One thing that would appear to be the same the world over is that military bases are reminiscent of small towns. Where does one park a bloody great truck in order to ask directions? We plumped for sticking to big roads while heading for the nearest available manned barrier that actually blocked the way to somewhere. A few tight corners later and we approached just such a thing. I considered pulling right up to the guardhouse but could see that there wasn't a window at truck height and decided to stop a few yards shy of it, just in case of misunderstandings of a security nature.
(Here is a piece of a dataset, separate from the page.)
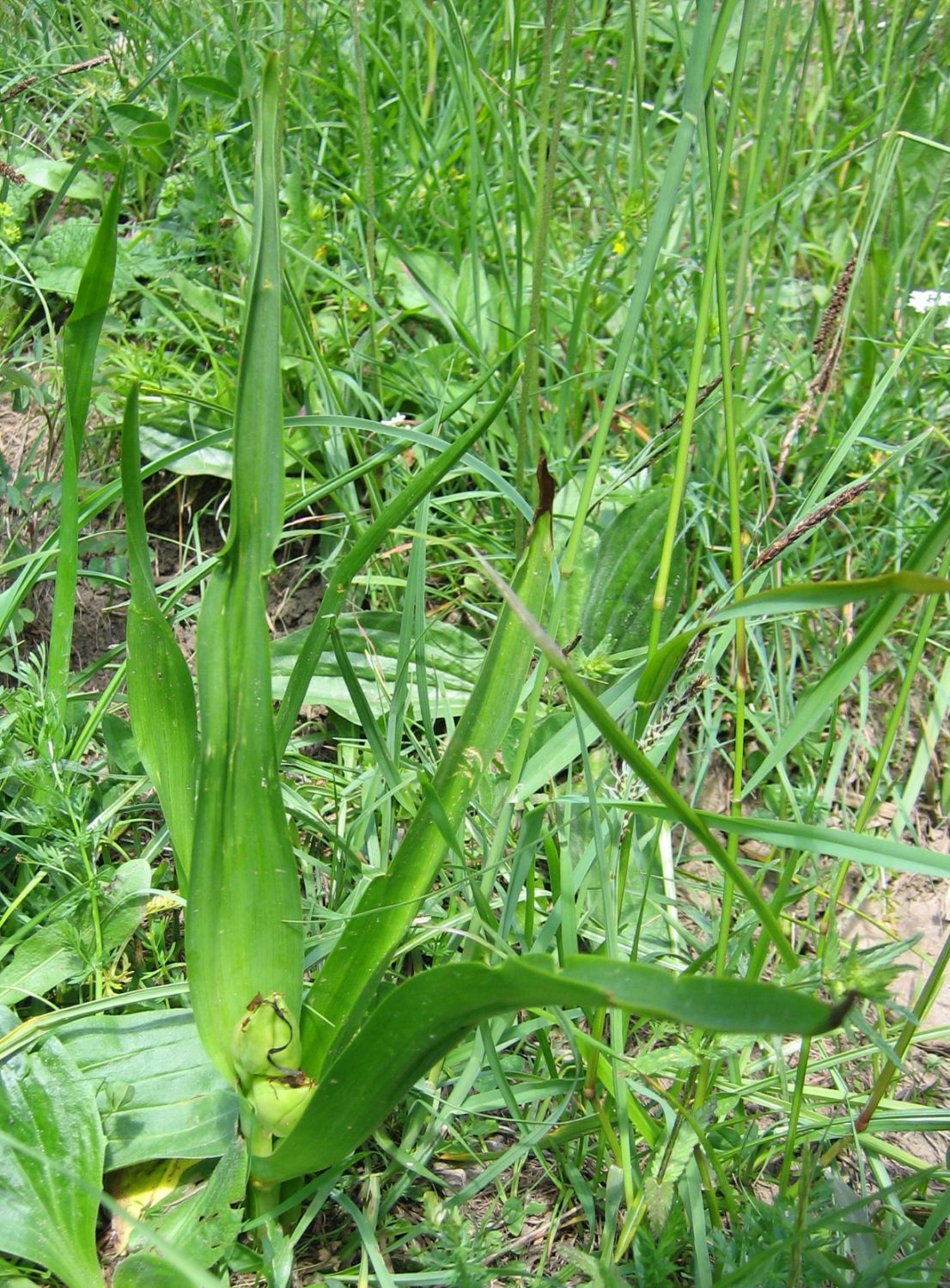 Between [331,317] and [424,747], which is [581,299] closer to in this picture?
[331,317]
The girl in the hut spent several minutes piling on layers of winter clothing before ambling inquisitively down to us to see what we wanted. "I'm awfully sorry, didn't want to come right up to you in case we're not allowed through there but we have to collect a consignment from the base and don't know where to go." It sounded a bit lame.
Apparently where we had to go was back the way we had come, and up a little street to the Military Police building, for identification purposes. A small queue of jeeps and things was forming behind us. "Um, could we come in and turn around?" "There's nowhere to turn, unless you can use the intersection here..." There was a small crossroads just beyond the gatehouse. "I can stop the traffic for you if you like."
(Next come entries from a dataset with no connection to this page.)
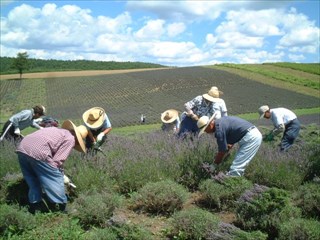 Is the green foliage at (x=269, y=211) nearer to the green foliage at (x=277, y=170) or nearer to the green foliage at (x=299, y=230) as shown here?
the green foliage at (x=299, y=230)

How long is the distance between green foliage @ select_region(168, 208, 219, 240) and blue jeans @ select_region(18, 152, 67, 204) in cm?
168

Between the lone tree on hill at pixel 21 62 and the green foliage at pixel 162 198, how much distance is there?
5845 cm

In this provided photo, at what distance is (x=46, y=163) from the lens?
17.2 feet

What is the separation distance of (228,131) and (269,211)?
1.64 meters

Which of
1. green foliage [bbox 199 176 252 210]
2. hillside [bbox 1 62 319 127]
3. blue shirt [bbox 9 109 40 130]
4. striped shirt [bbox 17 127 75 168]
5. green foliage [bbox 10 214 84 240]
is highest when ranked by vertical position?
striped shirt [bbox 17 127 75 168]

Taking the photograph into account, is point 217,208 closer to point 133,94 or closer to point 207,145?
point 207,145

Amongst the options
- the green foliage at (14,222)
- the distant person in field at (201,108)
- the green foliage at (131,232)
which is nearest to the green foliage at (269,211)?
the green foliage at (131,232)

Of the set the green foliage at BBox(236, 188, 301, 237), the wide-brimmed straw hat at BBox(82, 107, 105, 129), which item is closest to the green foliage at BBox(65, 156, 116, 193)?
the wide-brimmed straw hat at BBox(82, 107, 105, 129)

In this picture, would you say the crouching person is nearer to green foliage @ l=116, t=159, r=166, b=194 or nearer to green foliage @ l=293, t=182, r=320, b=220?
green foliage @ l=116, t=159, r=166, b=194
Neil and I considered the space. It was tight, but possible. Snowbanks on all corners made the feat a little extra exciting but we had no choice. Will a full audience of uniformed types, I executed a perfect U-turn and grinned my way off to be identified. Of course, now we know where it is, the MP building was the obvious destination, it had truck parking and everything. They found our shipper and engaged an escort to take us into the relevant restricted area. He arrived in the form of a very red-faced squaddie who addressed himself entirely to Neil while explaining where we would be driving to. Neil smiled politely, met my eye and said nothing. Red-faced squaddie escorted us outside and managed to not look too confused when we headed for the wrong sides of our vehicle and it became apparent that I was the driver today.
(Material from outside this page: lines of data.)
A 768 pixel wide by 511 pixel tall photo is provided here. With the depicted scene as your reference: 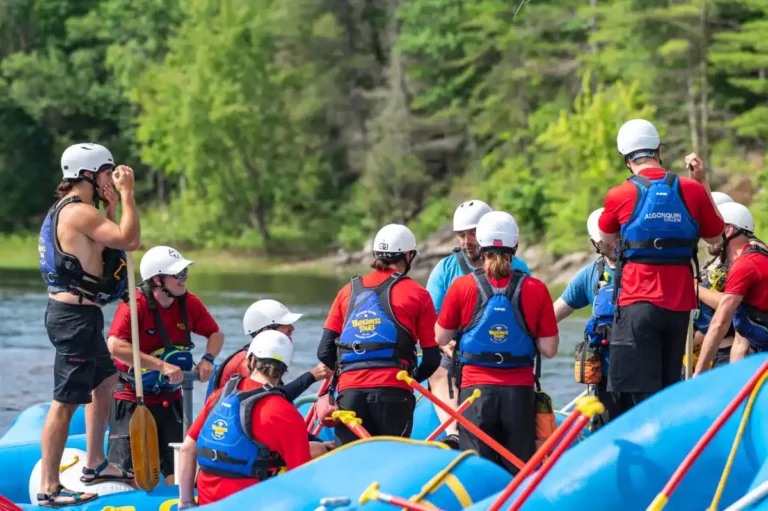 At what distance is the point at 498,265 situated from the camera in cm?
630

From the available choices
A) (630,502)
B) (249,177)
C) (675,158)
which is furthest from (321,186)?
(630,502)

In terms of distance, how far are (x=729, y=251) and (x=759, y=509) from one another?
130 inches

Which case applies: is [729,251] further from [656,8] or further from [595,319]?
[656,8]

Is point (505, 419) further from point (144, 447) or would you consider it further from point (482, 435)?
point (144, 447)

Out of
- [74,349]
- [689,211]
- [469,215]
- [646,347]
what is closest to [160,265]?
[74,349]

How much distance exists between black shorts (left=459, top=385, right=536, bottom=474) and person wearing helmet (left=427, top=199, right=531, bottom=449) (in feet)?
2.66

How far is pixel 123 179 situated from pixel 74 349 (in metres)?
0.93

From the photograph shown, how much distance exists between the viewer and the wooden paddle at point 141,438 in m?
6.92

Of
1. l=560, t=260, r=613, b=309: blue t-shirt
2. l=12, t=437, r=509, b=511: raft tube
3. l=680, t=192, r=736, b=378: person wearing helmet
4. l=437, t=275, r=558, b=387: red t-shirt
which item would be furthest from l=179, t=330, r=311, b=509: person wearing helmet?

He led us through barriers and along lanes, and finally through an apparently pointless concrete chicane, to a large shed. "We need you to back up to that door there, sorry it's a bit tight." Tight isn't the word, it was a blind-side reverse with snowbanks on all sides and a helpfully parked jeep in the way. My heart sank. There was me, determined to prove that women did this stuff and the worst of all possible manoeuvres to attempt. Neil got it. He jumped out to guide me back, told the assembled chaps in no uncertain terms just how difficult this would be and muttered, "Just do as I tell you, it'll be fine." And after a fashion, it was. Yay, put that in your pipe and smoke it squaddie-who-only-talks-to-men.
It took a couple of hours serious snoozing for the assembled company to hand-load the trailer full of boxes of stuff and then we were ready to be escorted off the premises. I was a little cocky by then. I was going to show the Canadian Air Force just what women could do. It is therefore possible that I took the pointless concrete chicane just maybe half a kilometre per hour faster.than before. And it was a tad tight anyway, barely enough space to swing the tractor around to avoid the next lump of concrete as the trailer wheels swivelled around the one you'd left behind. Anyway, there's no getting away from the awful truth, we felt this 'orrible lurch as the front wheel dropped off the road, through a snowdrift into a ditch.
The first thing that went through my head was 'ah, this will be fun to write about'. The second was 'ohnoohnoohnoohno not here, please...' and I can now report the amazing scientific finding that embarrassment can overcome physics. A spot of reverse, a smidge of forward, a bit more thisaway and some jiggerypokery over there and we were out of the ditch, through the chicane and off the base. Women drivers though. Useless.